Intelligent agricultural management with reinforcement learning

The world's agricultural system is facing significant challenges to bridge the gap between the amount of food produced today and that needed to feed a population of 9.6 billion by 2050 while reducing environmental impacts. In this project, we envisioned an intelligent agricultural management system based on deep reinforcement learning (RL) and crop simulations (e.g., using DSSAT), which can improve crop yields while reducing the use of resources (e.g., fertilizers, irrigation water) compared to expert-suggested management practices. We also leveraged imitation learning (IL) to train practically-implementable management policies that use only the state information that is easily accessible in the real world.

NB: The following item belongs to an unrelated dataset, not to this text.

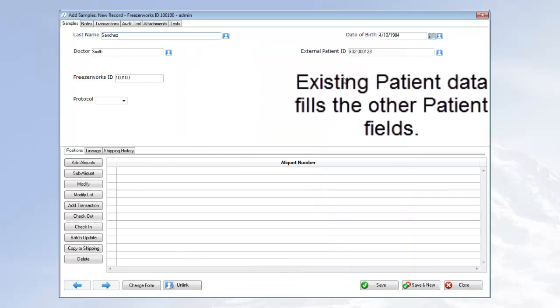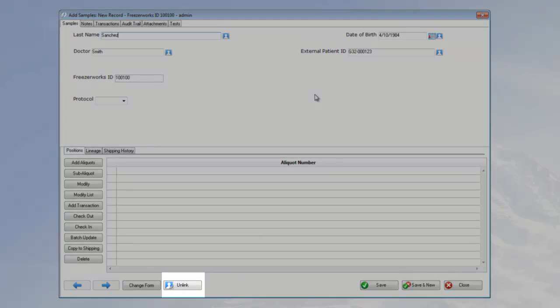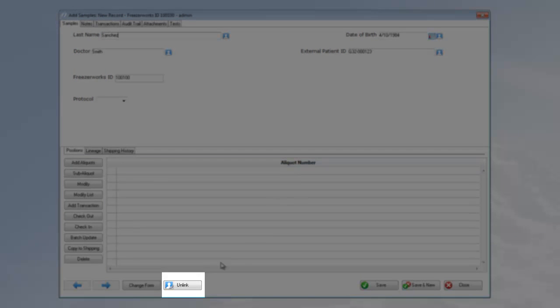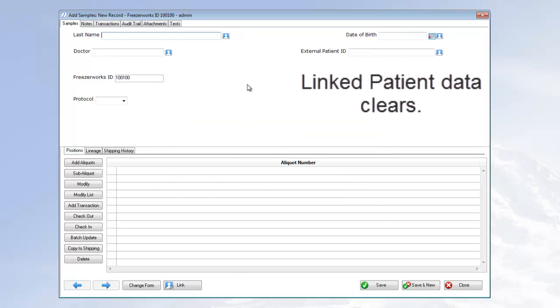Now, at any point you can choose to unlink the sample from the patient and clear the patient fields of their data. Just click the Unlink button at the bottom of the form. Click OK on the confirmation to continue. Watch as all the patient data clears from the form.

Agricultural managment via RL, imitation learning and crop simulations 
  • J. Wu*, R. Tao*, P. Zhao*, N. Martin and N. Hovakimyan. Optimizing nitrogen management with deep reinforcement learning and crop simulations. IEEE/CVF Conference on Computer Vision and Pattern Recognition Workshops, pp. 1712-1720, 2022.

  • Ran Tao, Pan Zhao, Jing Wu, et al. Optimizing crop management with reinforcement learning and imitation learning (extended abstract). Thirty-Second International Joint Conference on Artificial Intelligence (IJCAI-23), 2023.